Akinetic mutism: It is characterized by a poor response and a paucity in speech output. Akinetic mutism can result from a mesial frontal region lesion.
Management of bilingual aphasia marked by a multidisciplinary approach that addresses various language impairments. Although treatments used for monolingual aphasics have been used for bilingual aphasia, it is important to note that two conditions, while comparable, are not similar. When possible, patients should receive neurorehabilitation and speech therapy in all the languages that are impaired. Since there is a paucity of multilingual neurorehabilitation resources, cross-linguistic therapies (CLT) have been proposed. Cross-linguistic therapy leverages the fact that therapy in one language can affect deficits in another language. Considering that patients with aphasia can also have concomitant visual field deficits, these patients benefit from vision therapy.
The recovery of patients with aphasia is largely dependent on the extent of the initial injury. In addition, various recovery patterns have been observed in individuals with bilingual aphasia with great variability. For instance, a study that reviewed 132 patients with bilingual aphasia found that 61% had a parallel recovery of their two languages, 18% had a differential recovery, and 7% had blended recovery. Moreover, studies have shown that with extensive therapy, within one year, patients experienced a progression to a milder form of aphasia.
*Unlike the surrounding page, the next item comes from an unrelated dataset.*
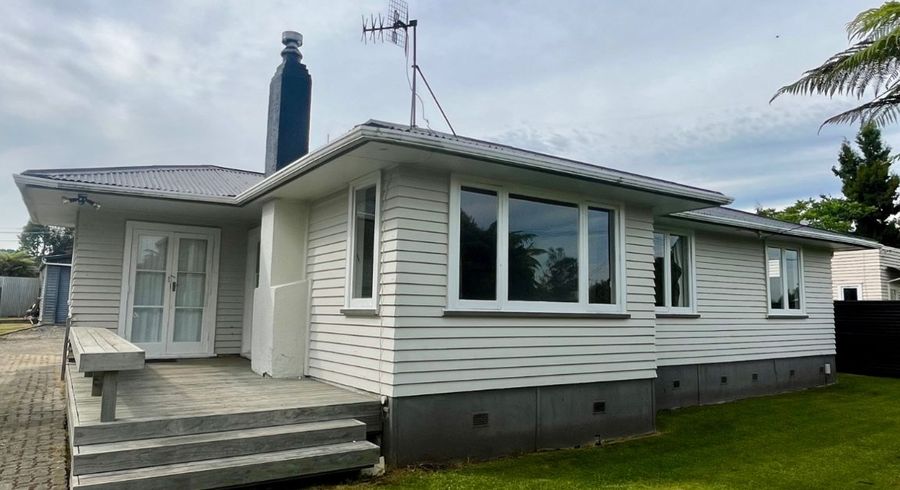  at 28 Charles Road, Hannahs Bay, Rotorua, Bay Of Plenty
With the increasing globalization and the number of people who speak multiple languages coupled with the increasing vasculopathy diseases, the incidence of bilingual aphasia is likely to increase. Patients with bilingual aphasia can present with a visual impairment such as visual field deficits because the occipital lobe is involved in the language pathway. Hence, clinicians should be aware that aphasic patients can have ophthalmologic manifestation and that these patients can benefit from neurorehabilitation, speech therapy, and vision therapy.